#### WORK TO COMPLETE
If a line in the data below contains "with", copy it.

#### DATA LISTING
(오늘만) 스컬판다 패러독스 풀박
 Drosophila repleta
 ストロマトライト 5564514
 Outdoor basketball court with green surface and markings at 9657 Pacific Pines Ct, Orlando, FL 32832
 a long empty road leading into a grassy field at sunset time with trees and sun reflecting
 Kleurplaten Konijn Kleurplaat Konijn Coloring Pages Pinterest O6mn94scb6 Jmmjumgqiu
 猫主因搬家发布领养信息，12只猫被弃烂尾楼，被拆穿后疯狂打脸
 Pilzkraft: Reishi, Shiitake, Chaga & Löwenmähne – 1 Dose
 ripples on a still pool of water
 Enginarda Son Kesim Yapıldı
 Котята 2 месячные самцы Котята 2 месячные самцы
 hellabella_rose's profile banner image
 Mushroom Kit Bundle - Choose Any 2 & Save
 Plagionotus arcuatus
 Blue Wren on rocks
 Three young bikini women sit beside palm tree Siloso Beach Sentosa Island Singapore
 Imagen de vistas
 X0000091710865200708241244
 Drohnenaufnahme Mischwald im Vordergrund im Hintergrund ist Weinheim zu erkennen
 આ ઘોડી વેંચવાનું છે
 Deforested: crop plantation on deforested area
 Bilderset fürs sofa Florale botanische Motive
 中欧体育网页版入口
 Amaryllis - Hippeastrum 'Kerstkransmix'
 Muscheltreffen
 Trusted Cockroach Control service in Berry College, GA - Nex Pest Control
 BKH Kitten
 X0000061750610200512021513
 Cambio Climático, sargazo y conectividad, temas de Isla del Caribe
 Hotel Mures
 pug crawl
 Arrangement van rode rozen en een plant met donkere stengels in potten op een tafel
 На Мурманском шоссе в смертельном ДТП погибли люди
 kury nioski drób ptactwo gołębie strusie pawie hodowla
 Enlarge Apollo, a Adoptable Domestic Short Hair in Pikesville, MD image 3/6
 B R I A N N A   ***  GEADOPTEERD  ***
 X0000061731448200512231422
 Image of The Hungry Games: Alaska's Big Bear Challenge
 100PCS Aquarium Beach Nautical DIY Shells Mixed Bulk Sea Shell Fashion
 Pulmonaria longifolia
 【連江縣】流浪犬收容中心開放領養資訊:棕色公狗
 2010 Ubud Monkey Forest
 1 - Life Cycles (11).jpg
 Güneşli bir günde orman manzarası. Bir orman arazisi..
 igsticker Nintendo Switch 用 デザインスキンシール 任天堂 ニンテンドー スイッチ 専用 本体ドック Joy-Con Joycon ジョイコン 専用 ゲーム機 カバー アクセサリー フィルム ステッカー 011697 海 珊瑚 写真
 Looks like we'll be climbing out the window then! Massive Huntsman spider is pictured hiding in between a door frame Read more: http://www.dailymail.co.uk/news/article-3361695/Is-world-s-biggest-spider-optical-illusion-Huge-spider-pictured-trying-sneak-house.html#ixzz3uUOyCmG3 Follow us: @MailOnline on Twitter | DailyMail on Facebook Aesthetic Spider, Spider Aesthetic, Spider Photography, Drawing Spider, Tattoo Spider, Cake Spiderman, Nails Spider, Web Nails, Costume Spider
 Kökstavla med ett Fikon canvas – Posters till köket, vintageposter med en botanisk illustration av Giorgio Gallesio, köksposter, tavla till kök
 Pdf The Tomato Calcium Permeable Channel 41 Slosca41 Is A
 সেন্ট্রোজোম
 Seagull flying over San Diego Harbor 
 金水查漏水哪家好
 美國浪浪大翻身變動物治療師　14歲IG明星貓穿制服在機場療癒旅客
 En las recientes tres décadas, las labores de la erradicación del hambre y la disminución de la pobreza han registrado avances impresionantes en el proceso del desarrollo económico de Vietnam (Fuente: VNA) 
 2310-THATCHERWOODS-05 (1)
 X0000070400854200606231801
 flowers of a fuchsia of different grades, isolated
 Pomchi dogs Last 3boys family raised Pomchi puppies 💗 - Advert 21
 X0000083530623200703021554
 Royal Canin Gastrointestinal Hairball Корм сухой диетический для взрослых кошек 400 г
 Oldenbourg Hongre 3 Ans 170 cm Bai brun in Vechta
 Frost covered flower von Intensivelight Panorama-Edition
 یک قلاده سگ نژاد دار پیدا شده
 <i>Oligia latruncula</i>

#### EXERCISE SOLUTION
 Outdoor basketball court with green surface and markings at 9657 Pacific Pines Ct, Orlando, FL 32832
 a long empty road leading into a grassy field at sunset time with trees and sun reflecting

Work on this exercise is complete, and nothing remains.